桜色の花びらがまるで筝の音に惹かれたかのように、袿の上に一枚、ひらりと舞い降りる。それを合図に、筝から指を離した途端にあがる感嘆のため息。
「姫様が奏でる筝の音は本当にお美しいですわ…」
まわりにいた女房の一人が音の余韻に酔いしれたような声を上げる。
「えへへ、ありがとう。
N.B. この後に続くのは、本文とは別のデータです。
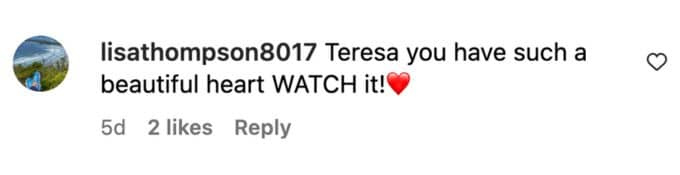 Teresa gets warned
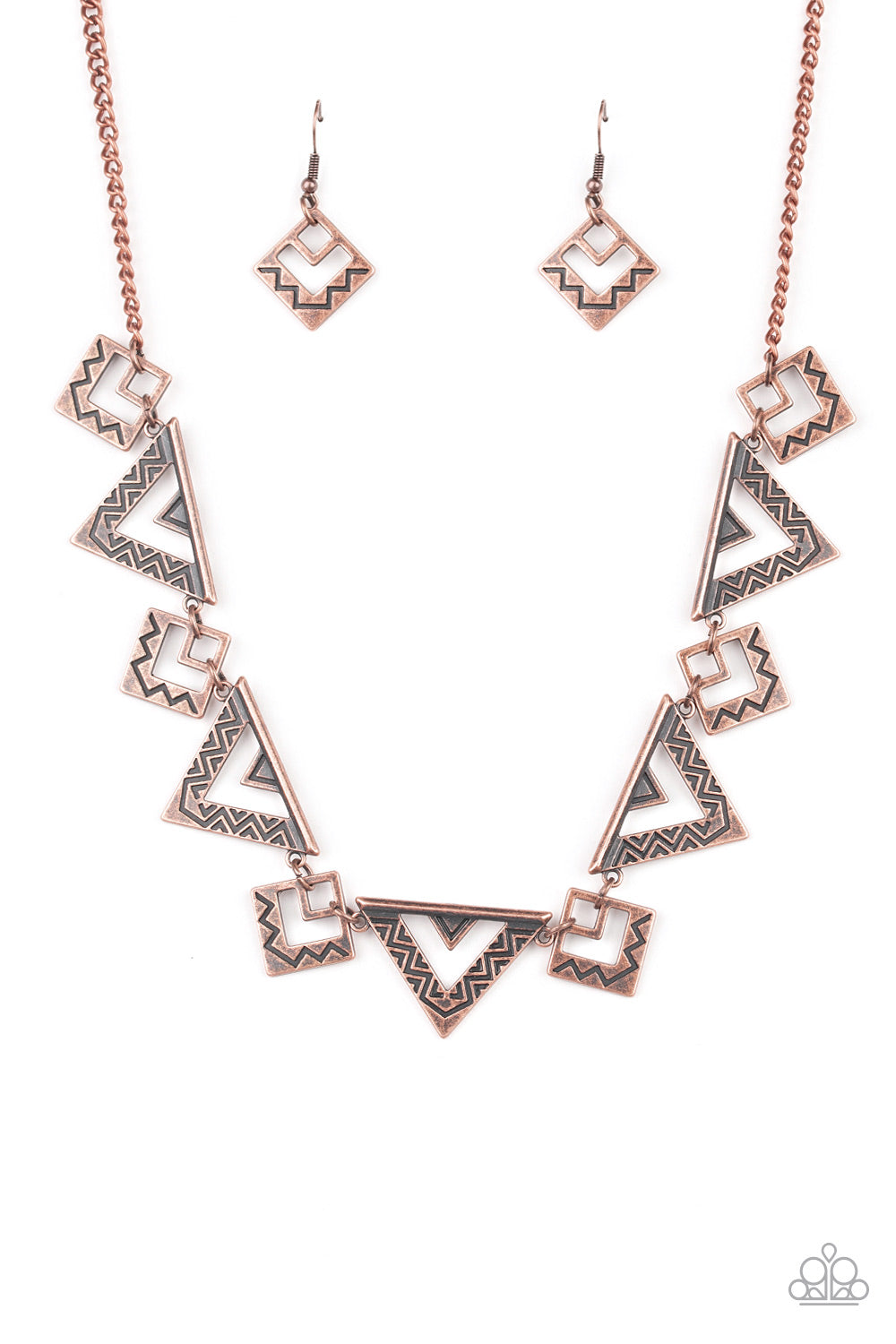Giza Goals - copper - Paparazzi necklace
でも、まだまだだよ」
褒められて恥ずかしくなった私は袖口を口元にあてて、照れ笑いを浮かべつつ呟く。
「そんなことはありませんわ、姫様。あの頃に比べたら本当にお上手に弾けておられますわ」
私に仕えている女房の中でも、幼い頃から仕えてくれていて、筝の先生でもある雪柳がにこりと微笑む。
「そう、かな…、でも姉さまの筝の音には敵わないわ…」
そう自分で呟いて、胸がきゅっと締まる。とうの昔から敵わないと知っていても、”いつか”という願望を捨てなれない私。
そんな私の表情をみてか、雪柳(ゆきやなぎ)が口を開く。
「姫様。姫様には姫様の、奏子(かなこ)様には奏子様の音があるのです。その音を大事に、姫様の“音”を奏でてゆけばいいのです。音は心なのですから」
「雪柳…、…ありがとう」
私の言葉に雪柳やまわりの女房たちみんなが優しく微笑み返してくれる。心の中に温かいものを感じながら、再び筝に触れようとしたとき、衣擦れの音が聴こえ、手を止める。
衣擦れの音が止むと、姉に仕えている女房が一人、姿を現す。